Précisons d’emblée que je n’accuse pas la communauté des investisseurs en capital-risque de San Francisco d’activités illégales. Ce que je dénonce, c’est un comportement profondément immoral qui détruit le pacte social fondamental du capitalisme.
Le pacte originel
La génération du baby-boom est la dernière à avoir pleinement bénéficié des dividendes de son époque.
Les États-Unis ne disposent pas d’un système étatique de protection sociale à la manière européenne — et ils n’en avaient, historiquement, pas besoin. Le pacte social implicite était le suivant : le marché boursier constituait le système de sécurité sociale américain. Les régimes de retraite traditionnels à prestations définies ont progressivement disparu au profit de comptes individuels alimentés par les cotisations personnelles ; le régime général de retraite a été remplacé par le plan 401(k) ; la Sécurité sociale n’a plus qu’un rôle de filet de sécurité minimal, personne ne comptant plus exclusivement sur elle pour financer sa retraite.
Cette logique reposait sur une règle tacite : chaque travailleur ordinaire devait devenir actionnaire, et la hausse des actifs financiers devait profiter à tous. Même si les salaires stagnaient et que les inégalités s’aggravaient, cela ne posait pas de problème — car chaque compte de retraite se valorisait en intérêts composés en arrière-plan, et tous embarquaient dans le même train de la richesse, dont la destination finale restait globalement acceptable.
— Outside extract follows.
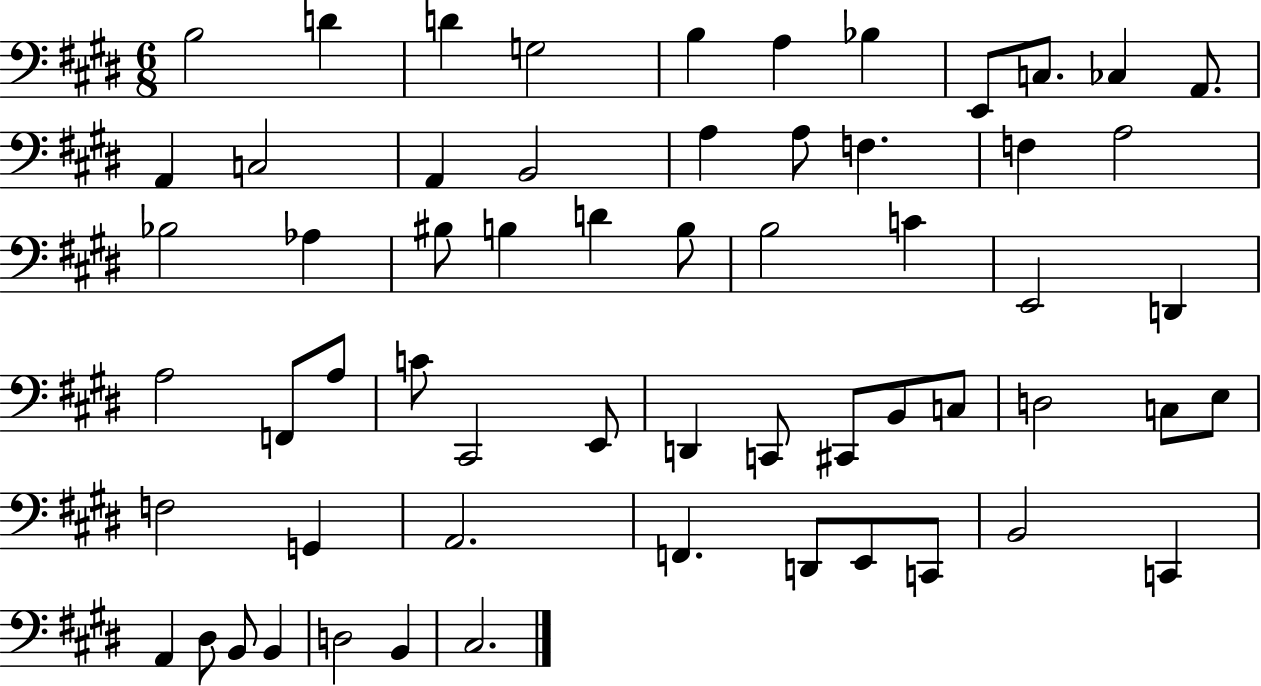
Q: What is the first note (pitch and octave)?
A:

C’est aussi pourquoi les écarts croissants de richesse étaient politiquement tolérables aux États-Unis. Vous pouviez accepter que le salaire de votre patron soit quatre cents fois le vôtre, à condition que la valeur de votre compte de retraite suive exactement la même courbe de croissance que celle de ses actifs. Les fonds indiciels passifs incarnaient précisément ce pacte dans sa forme la plus pure : caissiers de supermarché, enseignants ou plombiers pouvaient bénéficier gratuitement des rendements du marché générés par l’expertise professionnelle des gestionnaires de capitaux, et partager tranquillement les fruits de cette croissance. À cette époque, le marché des capitaux était un réservoir collectif de richesse partagée.
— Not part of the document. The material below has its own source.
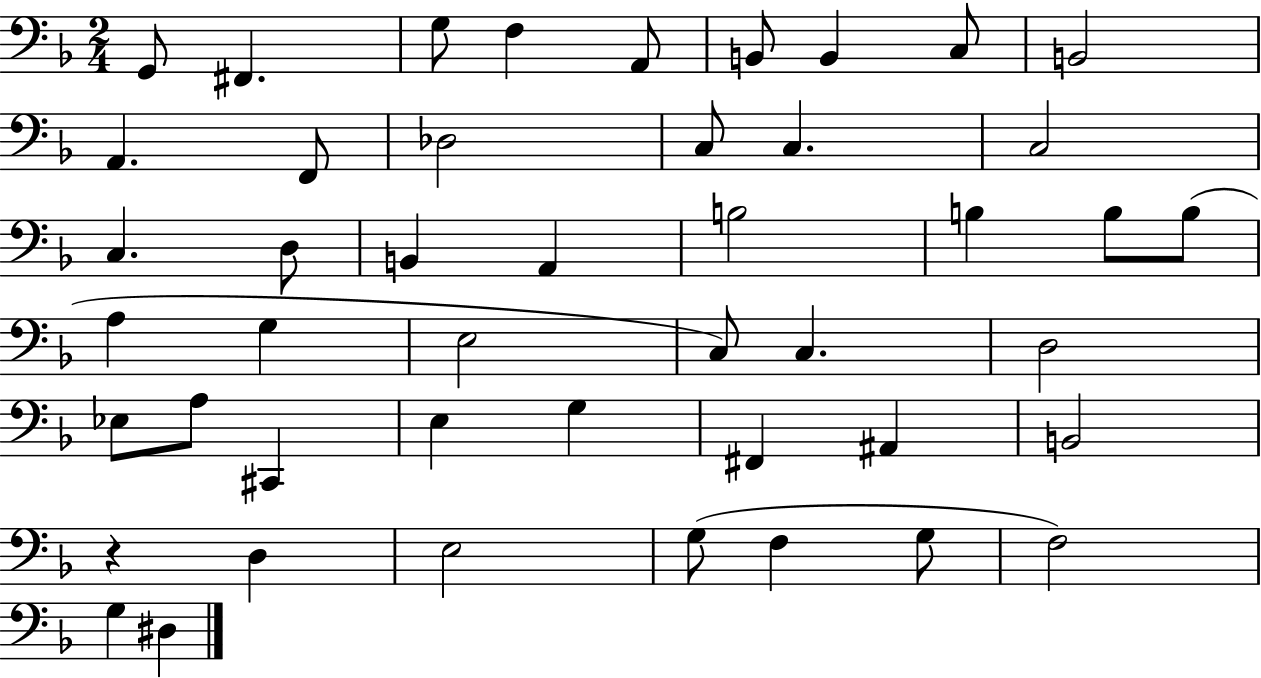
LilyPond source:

Mais ce pacte ne pouvait fonctionner que sous certaines conditions : les marchés publics devaient être effectivement le lieu où la valeur se créait réellement ; les gains de richesse devaient bénéficier largement à l’ensemble de la population ; chaque nouvelle augmentation de la valeur d’un actif devait pouvoir être intégrée automatiquement dans les portefeuilles des fonds indiciels. Ces conditions ont longtemps été remplies — mais elles ne le sont plus aujourd’hui.
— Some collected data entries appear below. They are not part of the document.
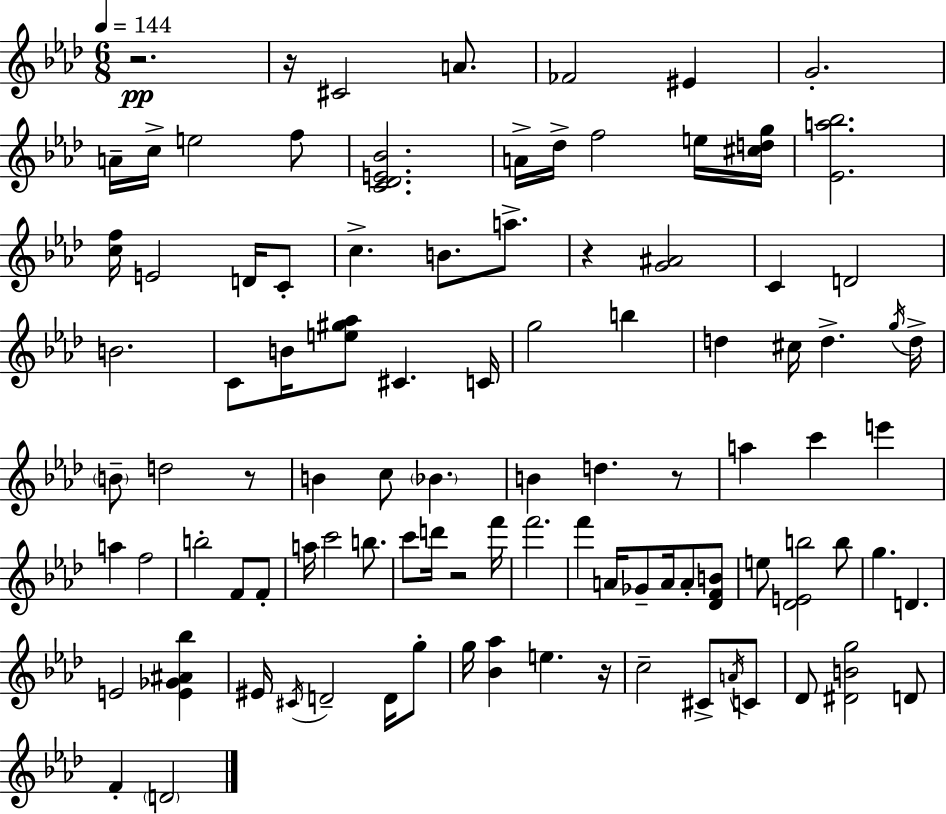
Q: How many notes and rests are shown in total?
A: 98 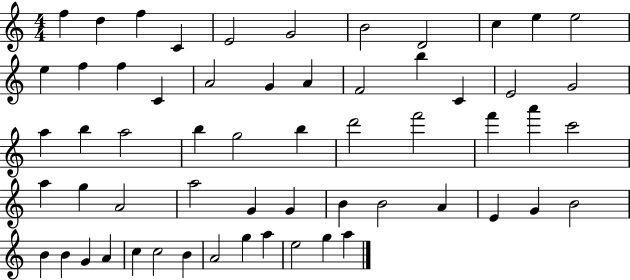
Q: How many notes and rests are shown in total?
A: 59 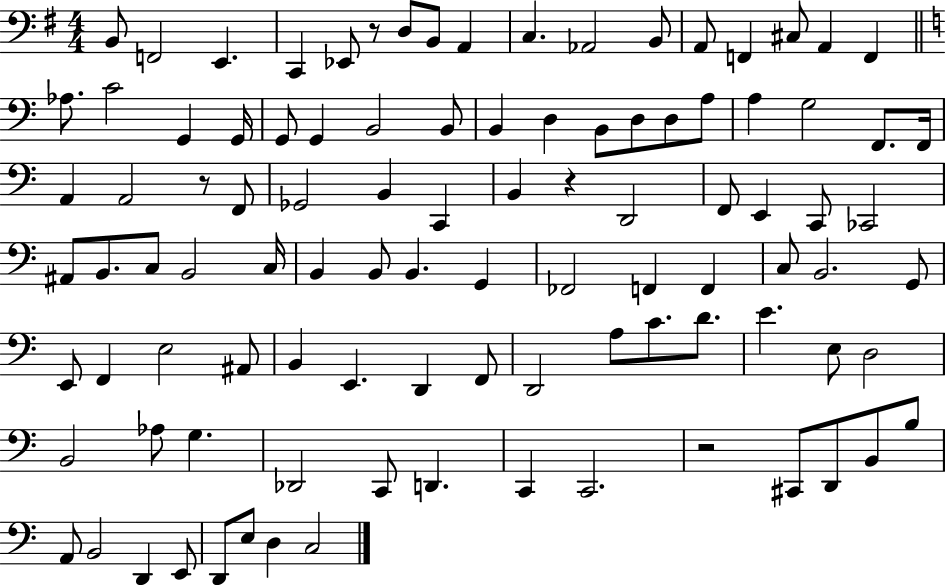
B2/e F2/h E2/q. C2/q Eb2/e R/e D3/e B2/e A2/q C3/q. Ab2/h B2/e A2/e F2/q C#3/e A2/q F2/q Ab3/e. C4/h G2/q G2/s G2/e G2/q B2/h B2/e B2/q D3/q B2/e D3/e D3/e A3/e A3/q G3/h F2/e. F2/s A2/q A2/h R/e F2/e Gb2/h B2/q C2/q B2/q R/q D2/h F2/e E2/q C2/e CES2/h A#2/e B2/e. C3/e B2/h C3/s B2/q B2/e B2/q. G2/q FES2/h F2/q F2/q C3/e B2/h. G2/e E2/e F2/q E3/h A#2/e B2/q E2/q. D2/q F2/e D2/h A3/e C4/e. D4/e. E4/q. E3/e D3/h B2/h Ab3/e G3/q. Db2/h C2/e D2/q. C2/q C2/h. R/h C#2/e D2/e B2/e B3/e A2/e B2/h D2/q E2/e D2/e E3/e D3/q C3/h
Voilà tout ce qu’ils vous ont volé.
Lorsqu’une entreprise reste privée jusqu’à atteindre une valorisation de plusieurs milliers de milliards de dollars avant de faire son entrée en bourse, les marchés publics cessent de créer de la valeur pour ne plus servir que de simple canal de réalisation des plus-values. Tout ce qui se produit désormais sur les marchés boursiers n’est plus qu’une redistribution de richesse, non plus une croissance par intérêts composés. Chaque centime de profit généré durant la phase de croissance de l’entreprise — qui aurait normalement alimenté les fonds de retraite des particuliers — est désormais capté intégralement par les détenteurs d’actions privées antérieures à la cotation. Après son introduction en bourse, Figma a vu sa valorisation divisée par deux en quelques semaines par rapport à son évaluation en capital-investissement privé ; Klarna a perdu 90 % de sa valorisation. Or, ce scénario n’est pas un accident : il constitue bel et bien la finalité prévue de ce système.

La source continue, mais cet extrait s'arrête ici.